Greensill Capital, fondo londinese di proprietà della Greensill Holding di Sydney, fu creato nel 2011 da Lex Greensill (nella foto col principe Carlo) e si è specializzato nel finanziamento della catena delle forniture industriali e commerciali. Nel 2014, Greensill Capital rilevò la Nordfinanz Bank di Brema e la usò come fonte di capitali per espandere l’attività. Per mezzo di piattaforme digitali come “Weltsparen” e “Zinspilot”, migliaia di risparmiatori sono stati attratti dalla promessa di una discreta rendita e il loro denaro è stato investito nelle cartolarizzazioni del fondo londinese. Il bilancio della piccola banca di Brema esplose in breve tempo.
I guai cominciarono lo scorso anno, quando l’assicuratore di Greensill Capital, Tokio Marine, decise di non rinnovarne l’assicurazione sul credito e l’autorità della borsa tedesca, la BaFin, contestò il valore dei “receivables” contenuto nel rendiconto finanziario della banca. I receivables sono i pagamenti futuri di un cliente impacchettati in RPA (Receivable Purchase Agreements) e venduti a un terzo.
Il 1° marzo, Credit Suisse ha congelato 10 miliardi di fondi di investimento congiunti con Greensill. Un altro fondo svizzero, GAM, ha ritirato 700 milioni. Era solo questione di giorni perché la BaFin decidesse di chiudere la banca, cosa che ha fatto il 4 marzo, bloccando i pagamenti in uscita e in entrata.
Si calcola che i piccoli risparmiatori costituiscano un miliardo dei 3,3 miliardi di euro di esposizione della banca. Quei risparmiatori dovrebbero essere protetti ciascuno fino ad un importo di 100 mila euro dall’assicurazione sui depositi, cosa che invece non vale per molte amministrazioni locali, come la città di Gießen, che avevano depositi a vista presso la banca, e ora rischiano l’insolvenza.
L’8 marzo Greensill Capital ha portato i libri in tribunale. La seconda più grande società d’investimento private equity statunitense, Apollo, è in trattative per rilevare parte dei titoli. Un terzo dell’esposizione totale di Greensill Capital è nei confronti del gruppo GSG Alliance, e l’impero della famiglia Gupta sta ora cercando fonti di finanziamento alternative. Da notare che fino a pochi giorni fa, GSG era in trattative con Thyssen-Krupp per l’acquisto del gigante tedesco dell’acciaio.

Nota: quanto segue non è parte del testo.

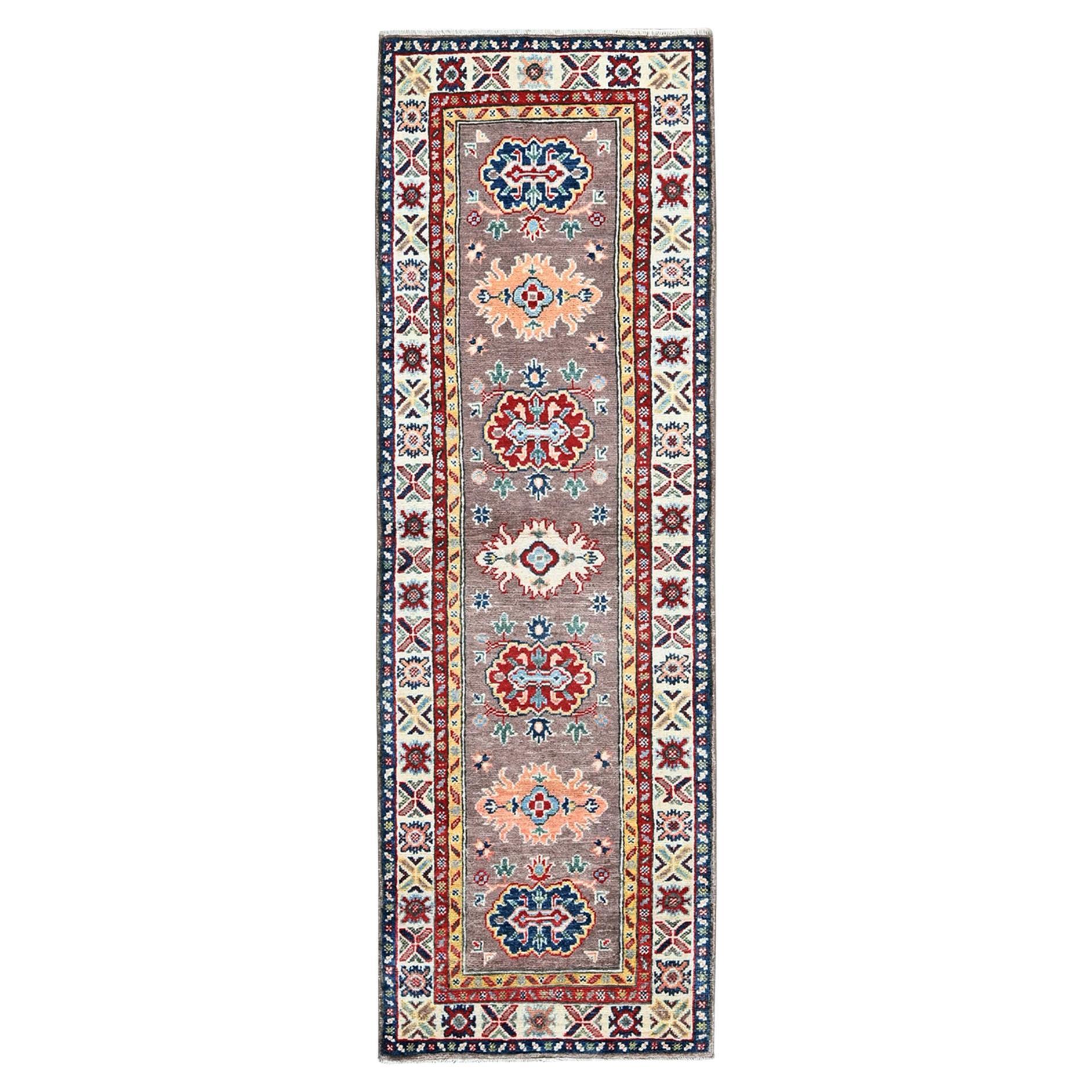 Tappeto Runner in lana morbida annodata a mano 2
x6
5" Kazak grigio fossile con design tribale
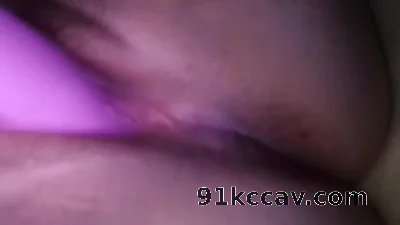 小少妇自我陶醉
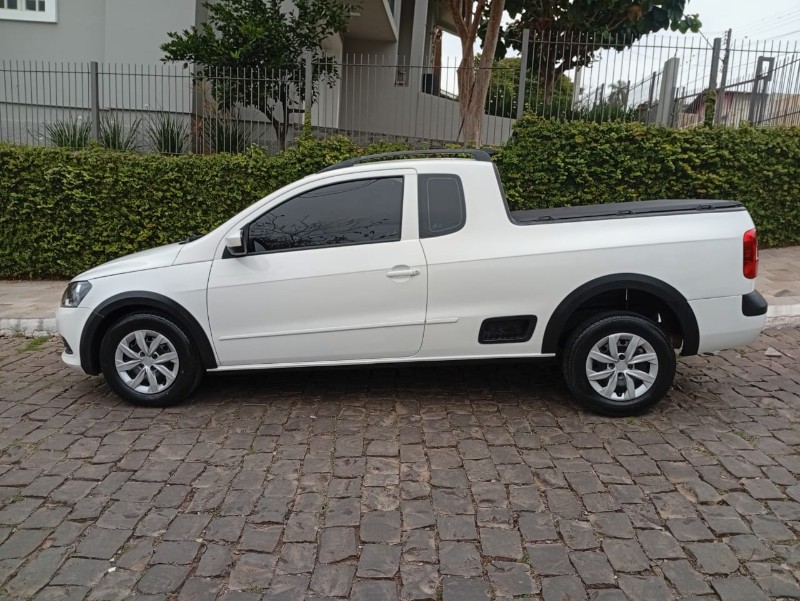 VOLKSWAGEN SAVEIRO 1.6 CE 2013/2014 ALTERNATIVA VEÍCULOS LAJEADO / Carros no Vale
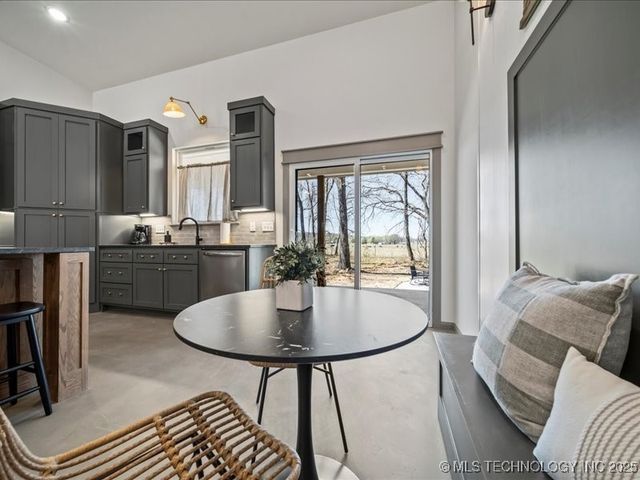 450251 E 340 Road, Afton, OK 74331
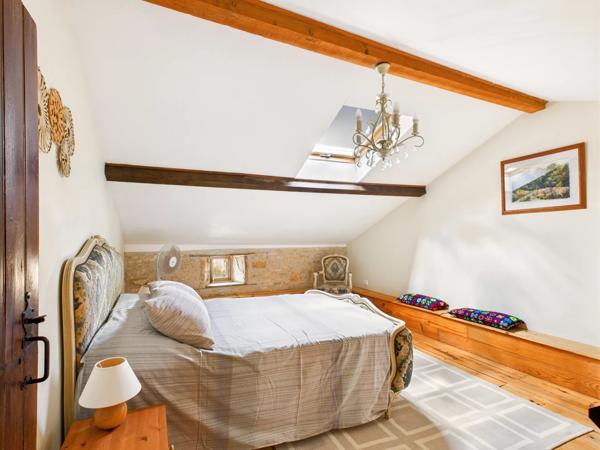 Maison lumineuse et bien présentée avec chambres d'hôtes dans un charmant village rural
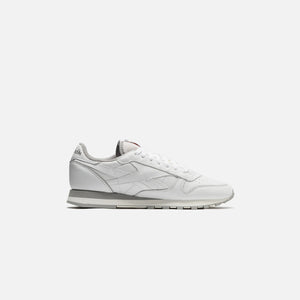 Reebok Classic Leather 40th Anniversary - Cloud White / Chalk / Mgh Solid Grey
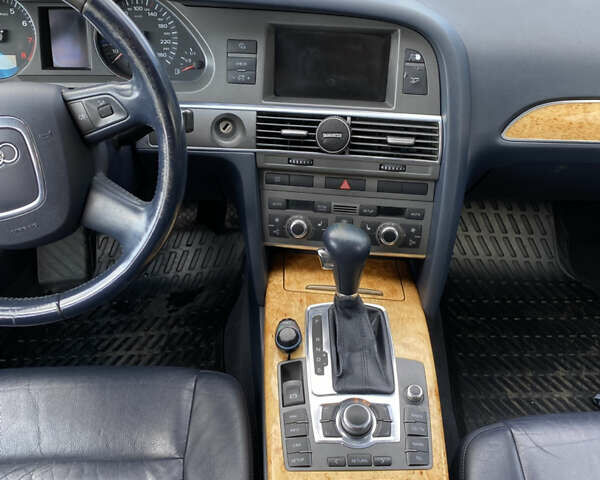Ауді А6 2006 у Бердичеве на Automoto.ua Сірий Ауді А6, об'ємом двигуна 2.39 л та пробігом 257 тис. км за 6900 $, фото 11 на Automoto.ua
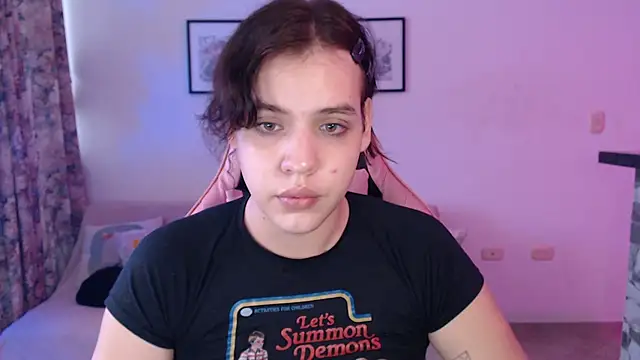 Snapshot of yukiio_nee chatting on 03.18.25 yukiio nee online show from 03.18.25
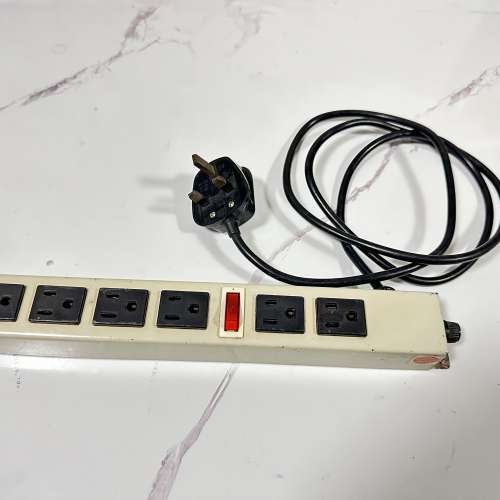 六位美式電源拖板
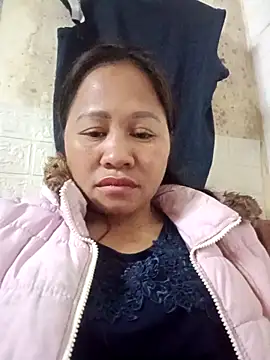 Snapshot of Bigboob_pussyxx chatting on February 12, 5:24 am Bigboob pussyxx online show from February 12, 5:24 am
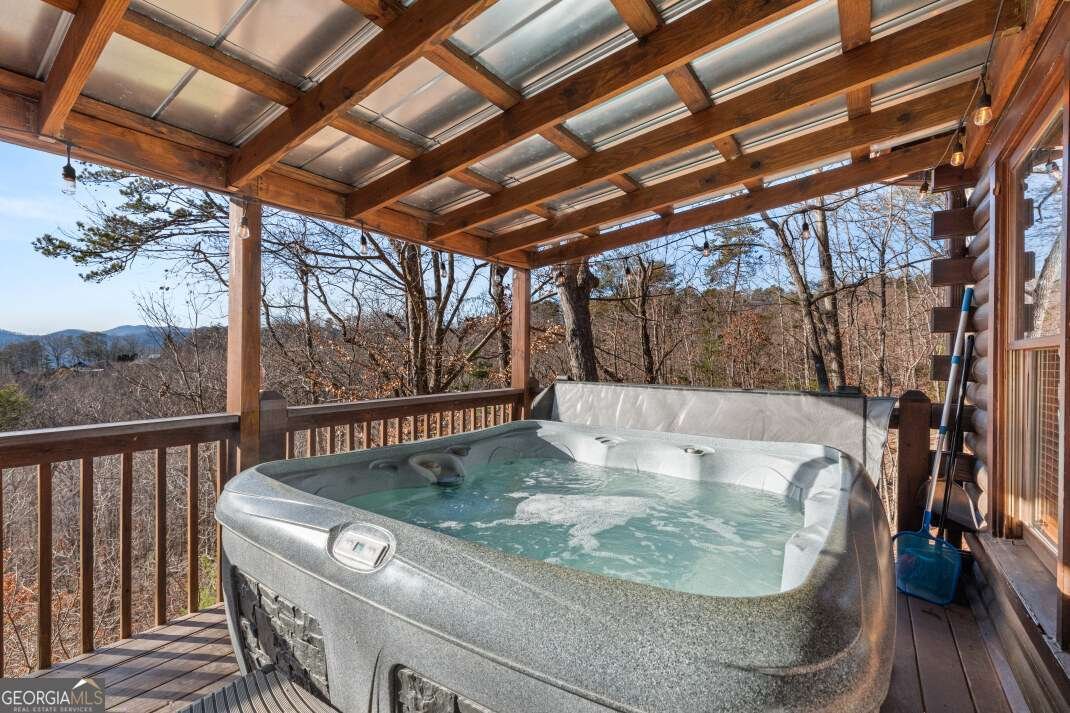 100 Smith Hill Road Cherry Log - 5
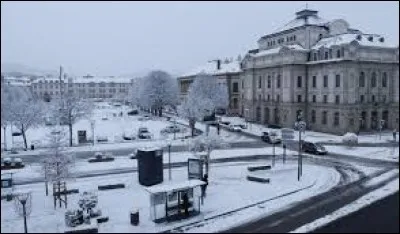 Nous terminons cette froide balade en Auvergne-Rhône-Alpes, au Puy-en-Velay. Nous sommes dans le département ...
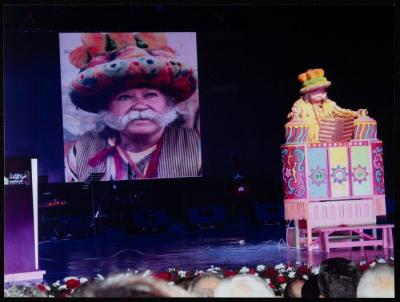 أبو العجب على خشبة المسرح البلدي، رام الله، 9 آذار 2017 
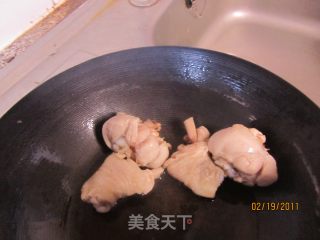 The Rice Cooker Can Also Make Delicious Soup-chicken Leg Soup recipe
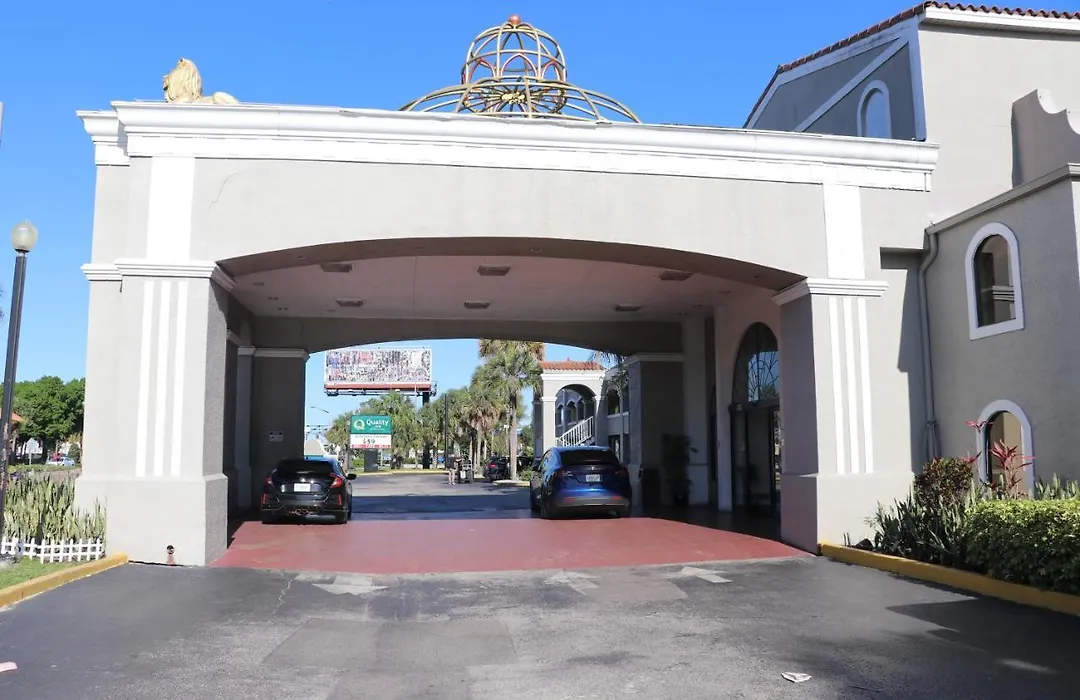 Howard Johnson By Wyndham Orlando-International Drive-1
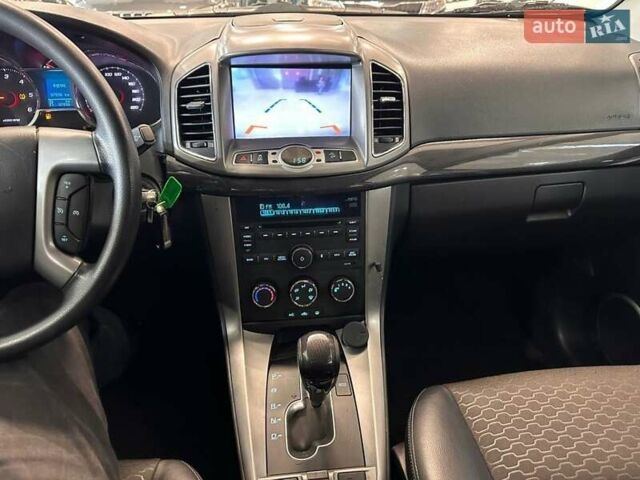 Сірий Шевроле Каптіва, об'ємом двигуна 2.2 л та пробігом 97 тис. км за 12000 $, фото 12 на Automoto.ua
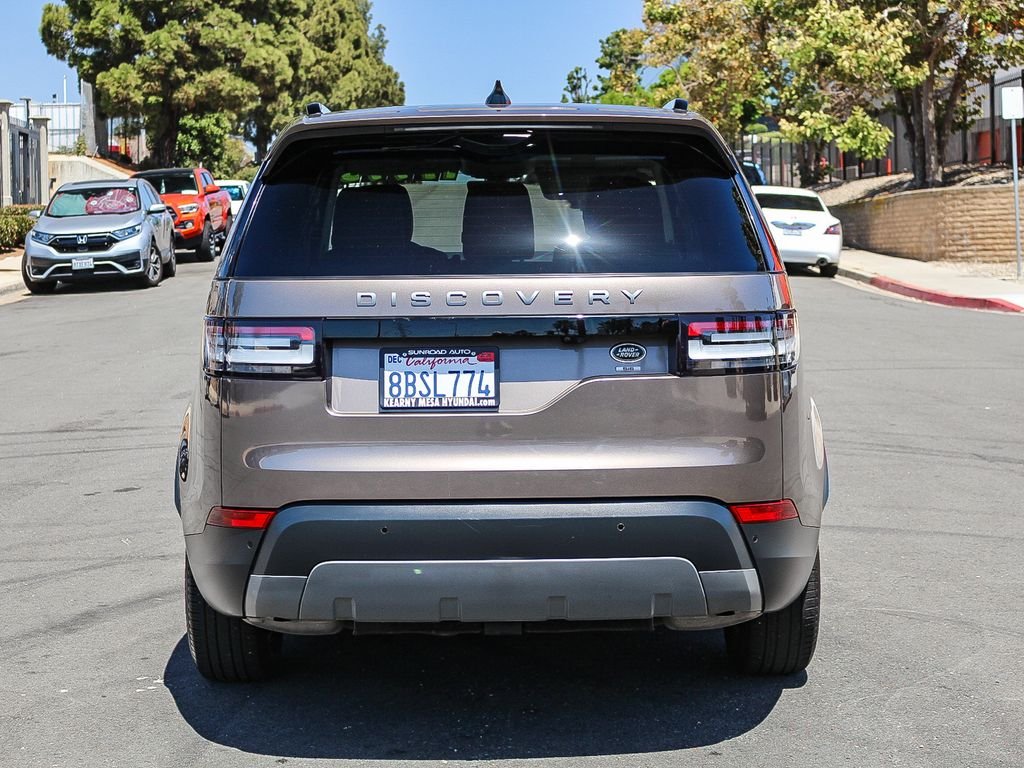 Used 2017 Brown Land Rover SE image 8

Il caso Greensill è solo la punta dell’iceberg. In un mondo di tassi d’interesse negativi, milioni di risparmiatori alla ricerca di una rendita minima sono stati convinti, dalla banca o da piattaforme digitali (come nel caso GameStop), ad investire il loro denaro in titoli a rischio. Quando scoppierà la bolla finanziaria globale, i governi saranno dunque di nuovo sotto ricatto: se non salvano la bisca e i biscazzieri, risparmiatori e imprese perderanno il loro denaro. C’è un’alternativa ed è la separazione bancaria.